An ill-researched film, it fails to catch the ethos of pre-independence India. Bengalis, especially the intellectuals, were then not known for their alcoholophilia. Bengalis, like the British, were more used to having tea-parties. This unnecessary change, added to the unrealistic clothes Rajani, the doctor’s paramour, deprives the viewer from a journey to the past, a must for a Byomkesh film.
Is realism a necessity? No, this film invites the viewer to imagine ‘visual asides’. There are scenes when two parties, not quite on the best of terms, are both hide from a third party, and pretend that they can’t see one another. The viewer has to pretend, for it’s hard and not worthwhile to imagine that there’s nothing wrong with it. If theatrical imagination is what the director had aimed at, he could’ve filmed his scenes inside his studio, or still better, made a play to aid the ailing Bengali theatre.
Indeed, I’m not so much bothered about the film as about why this couldn’t be made better.
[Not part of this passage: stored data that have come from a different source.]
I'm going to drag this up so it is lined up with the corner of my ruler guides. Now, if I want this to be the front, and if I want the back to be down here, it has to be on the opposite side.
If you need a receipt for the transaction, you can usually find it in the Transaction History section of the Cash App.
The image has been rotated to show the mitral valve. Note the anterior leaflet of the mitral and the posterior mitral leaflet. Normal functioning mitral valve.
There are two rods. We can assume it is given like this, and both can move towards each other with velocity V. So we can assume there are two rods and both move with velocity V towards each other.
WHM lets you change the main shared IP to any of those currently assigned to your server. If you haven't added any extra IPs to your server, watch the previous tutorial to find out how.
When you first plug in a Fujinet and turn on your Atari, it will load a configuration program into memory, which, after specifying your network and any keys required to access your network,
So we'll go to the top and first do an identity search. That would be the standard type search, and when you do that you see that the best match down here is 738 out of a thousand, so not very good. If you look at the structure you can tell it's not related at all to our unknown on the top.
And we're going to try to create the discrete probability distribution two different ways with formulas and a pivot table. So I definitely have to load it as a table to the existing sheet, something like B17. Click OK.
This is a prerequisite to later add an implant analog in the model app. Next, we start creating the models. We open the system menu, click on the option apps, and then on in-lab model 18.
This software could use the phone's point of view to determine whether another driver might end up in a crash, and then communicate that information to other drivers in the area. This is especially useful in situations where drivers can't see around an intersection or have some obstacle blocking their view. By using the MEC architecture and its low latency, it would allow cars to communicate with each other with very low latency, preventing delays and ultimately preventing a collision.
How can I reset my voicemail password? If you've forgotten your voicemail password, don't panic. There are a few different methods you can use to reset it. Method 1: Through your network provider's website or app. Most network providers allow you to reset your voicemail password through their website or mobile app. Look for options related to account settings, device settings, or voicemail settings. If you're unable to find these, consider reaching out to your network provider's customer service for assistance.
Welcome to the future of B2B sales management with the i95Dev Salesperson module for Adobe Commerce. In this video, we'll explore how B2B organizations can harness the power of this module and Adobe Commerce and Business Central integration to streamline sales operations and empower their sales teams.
I’d list the causes roughly as this:
Reason 1: Kolkata film directors are myopic creatures. They can’t think of featuring an actor not known to them outside their ‘parties’.
Reason 2: They’re first ‘intellectuals’, next filmmakers. So, their main effort is towards making an ‘intelligent’ film (or, at least taking up an ‘intelligent’ story for it), rather than making a ‘film’. As the end-result, we have unintelligent non-films.
Reason 3: Unfamiliarity with the language (Bengali, in this case) and its regional variations (or, richness, to be more exact). The director should not forget that the vast majority of Bengalis don’t talk like affected Kolkatans.
Reason 4: Refusal to take time. Ignorance of regional films produced in other parts of India. A cursory familiarity with Bergman and Ray is not enough.
Reason 5: Quite frankly, lack of expertise.
Reason 6: Pseudo-urbanism/urbanity.
I wouldn’t say I could go on. There are still promising directors working on interesting projects. India is a land of promises. D L Ray said (read, says), ‘That land is made of dreams and bordered by memories.’ Works best for Bengal and its recent filmic endeavours.
I have come across people who’ve liked Abar Byomkesh. How do you translate this? The Return of Byomkesh, perhaps? I should say, it’s more the return of mediocrity.
Come on, don’t we have film-directors and actors in the villages?